Task directions:
Set down precisely the lines from the line with "Hi, in this" through the end of the material, inclusive, and no pictures.

Dataset records:

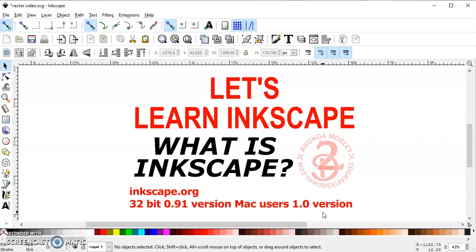When you upload an image to Design Space and you try to clean it up, a lot of times you'll see little bits left over around the outside of your image or around the outside of your text. That's because of those pixels. With an .svg file — which is a scalable vector graphic — you don't get that. So let me show you an example.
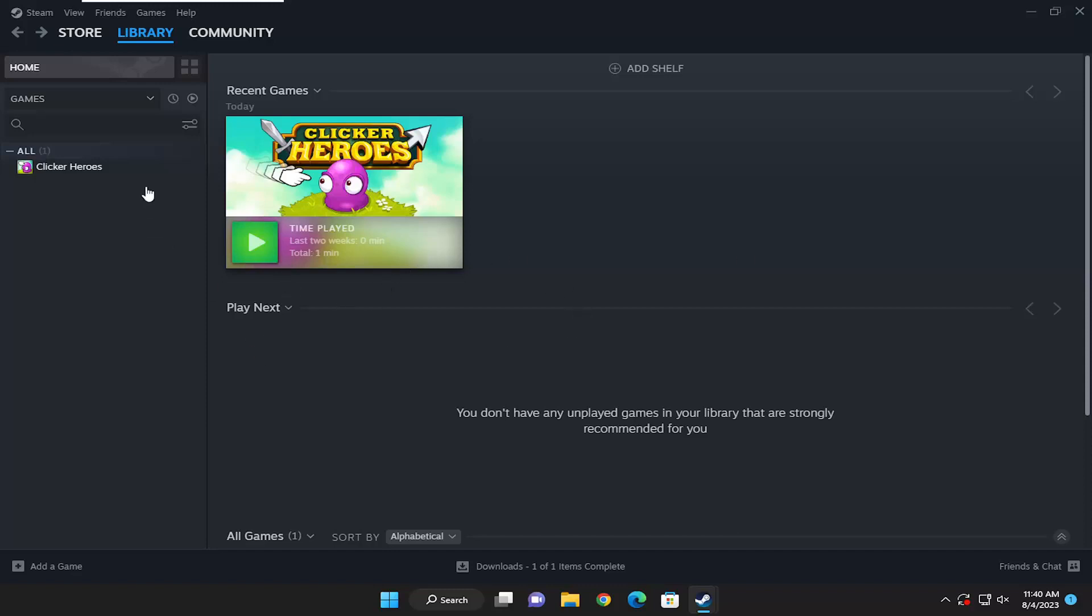and you need an email notification with a code to get back on, as long as you have your username and password, you can get into Steam. That is what we are going to be showing in today's tutorial.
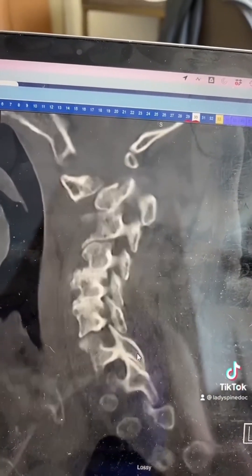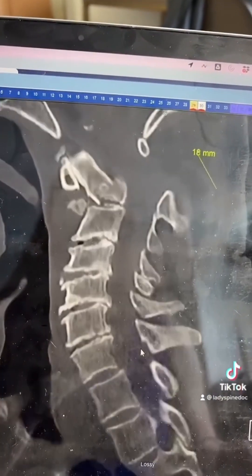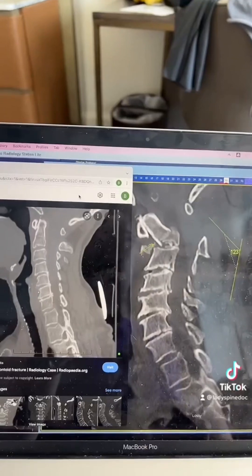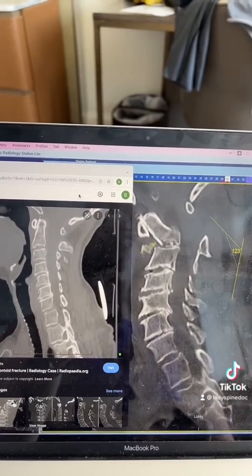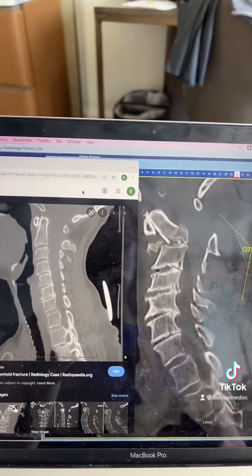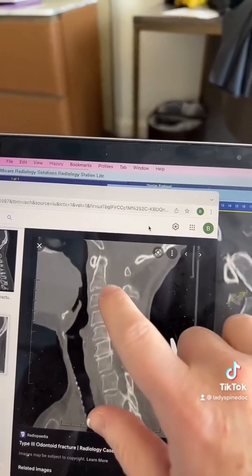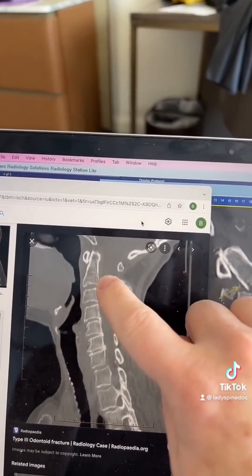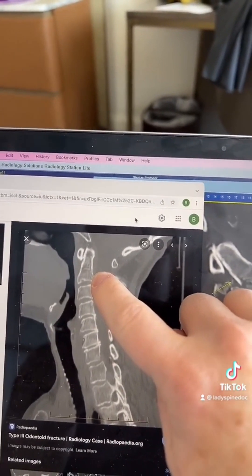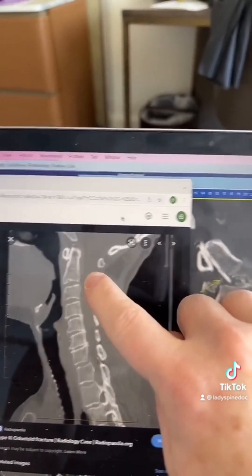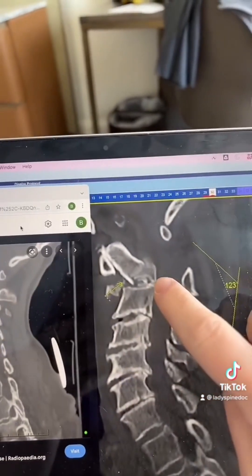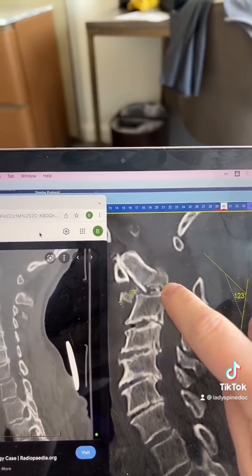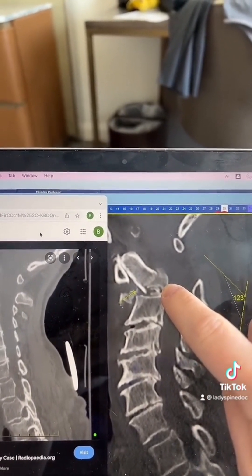This is the patient's CT scan. For comparison of normal, this is what a normal C2 bone — the odontoid bone — should look like on a CT. And this is what this person's CT of their C2 bone looks like.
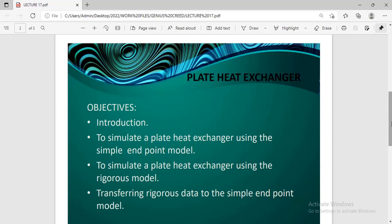Why it is important to simulate a plate heat exchanger is because plate heat exchangers are one of the most efficient heat exchangers in recent times. They are arguably five times more efficient than the shell and tube heat exchanger. So it is very important that we actually learn how to simulate and specify this particular equipment.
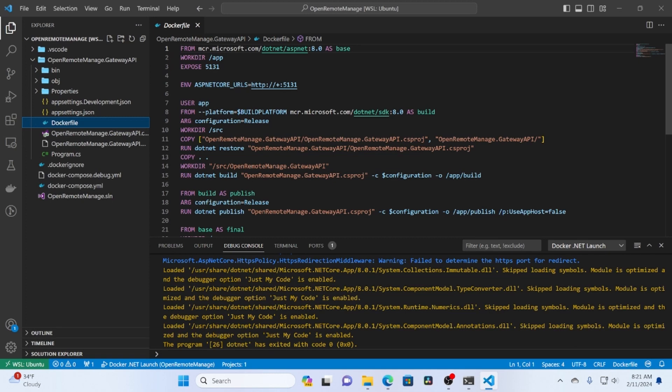Next time I want to work on just kind of configuring this project with things like Prometheus, OpenTelemetry, and Grafana. So that we can start monitoring our application and get all that set up. So if that interests you, think about subscribing. Thanks for watching. Take care.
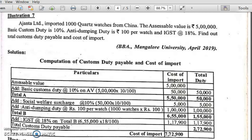Hello, in this video I am going to discuss a problem on customs duty payable which had appeared for BBA students. In the year 2019, Ajanta Limited imported 1000 quartz watches from China. The assessable value is rupees five lakh. On import, customs duty is levied along with IGST. So these 1000 watches are imported and the assessable value is rupees 5 lakhs.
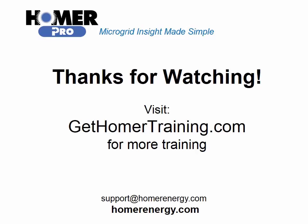Thank you for watching the Homer software's training series. We are here to help you. If you are a trial user, please contact us at support@homerenergy.com for more information on how to become a licensed user. We have additional training available for our licensed users. Visit gethomertraining.com to learn more.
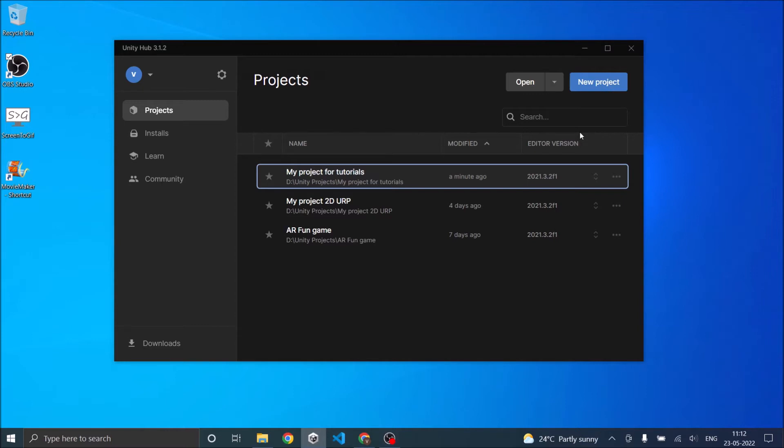Open up the Unity Hub, go to the Projects tab and click on New Project.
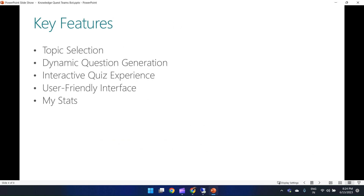The second key feature is dynamic question generation. The bot leverages the capabilities of OpenAI to generate relevant and challenging questions based on the selected topic. The questions are designed to test the user's understanding and depth of knowledge in the chosen subject.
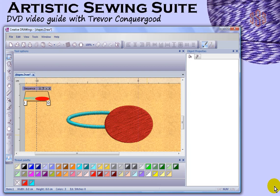In this segment, I'm going to take a look at the object properties and how they relate to photo stitch and cross stitch. So to do that, I need to start a new design.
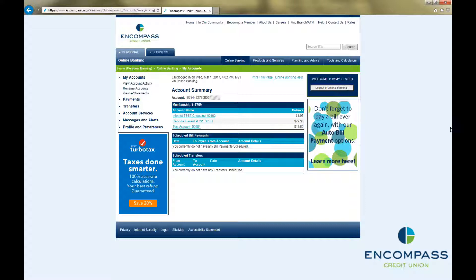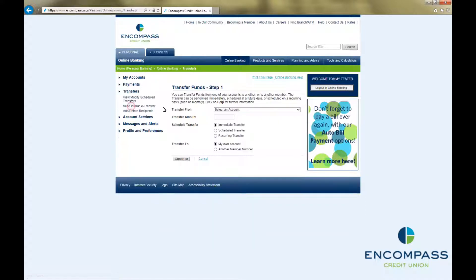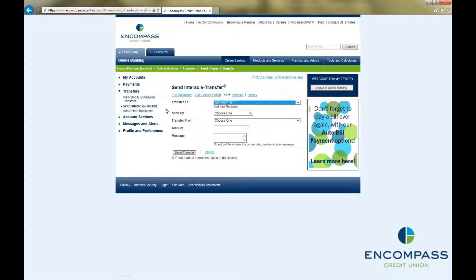Just go to Transfers in the menu on the left-hand side of the page, and then click on Send Interac e-Transfer. In the menu above where you entered the information to send your e-transfer, click on the word Pending.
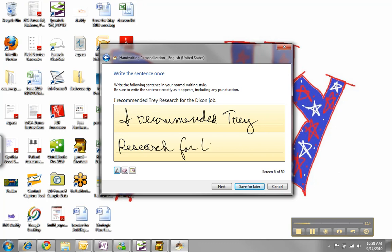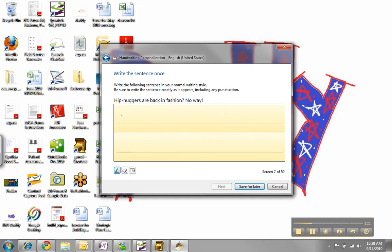And the idea is not to use your most beautiful penmanship. Although that's not a bad thing, but to write like you normally do.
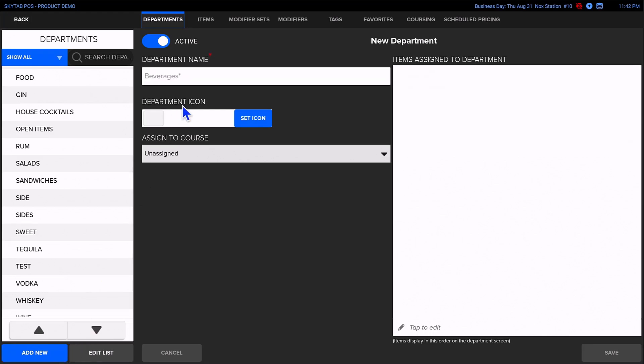Next, type in the name in the Department Name field. In our example, we'll use Coffee.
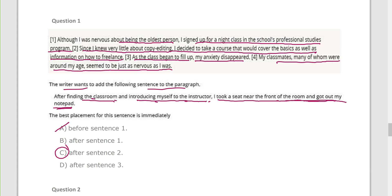Is anyone still confused about that sentence? You might ask: why shouldn't it go after sentence one or after sentence three? Copy editing has to be very close to that sentence, so it's either before sentence two, after sentence one, or after sentence two. What makes more sense? We should use our logic to decide.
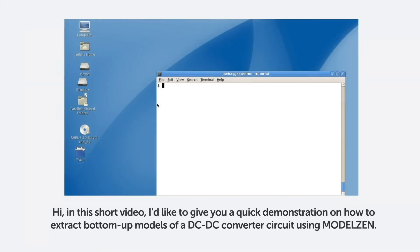Hi, in this short video, I'd like to give you a quick demonstration on how to extract bottom-up models of a DC-DC converter circuit using ModelXen.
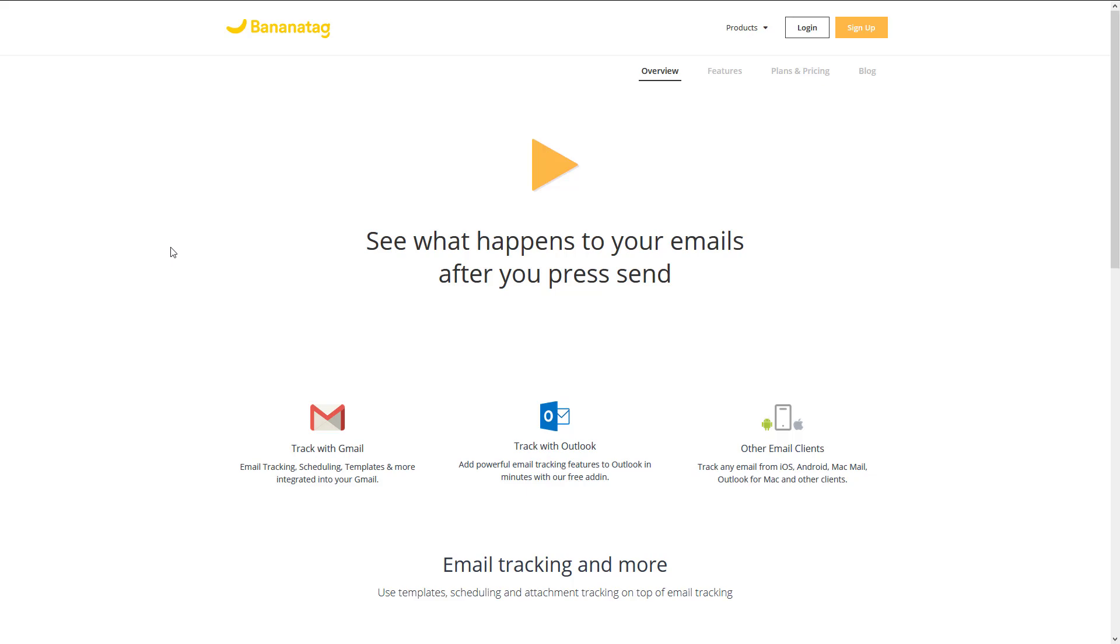The way this works is this is a one-on-one tool with Outlook for one-on-one emails, for individual emails.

Response:
Hi, in this short video, I'd like to give you a quick demonstration on how to extract bottom-up models of a DC-DC converter circuit using ModelXen.
The way this works is this is a one-on-one tool with Outlook for one-on-one emails, for individual emails.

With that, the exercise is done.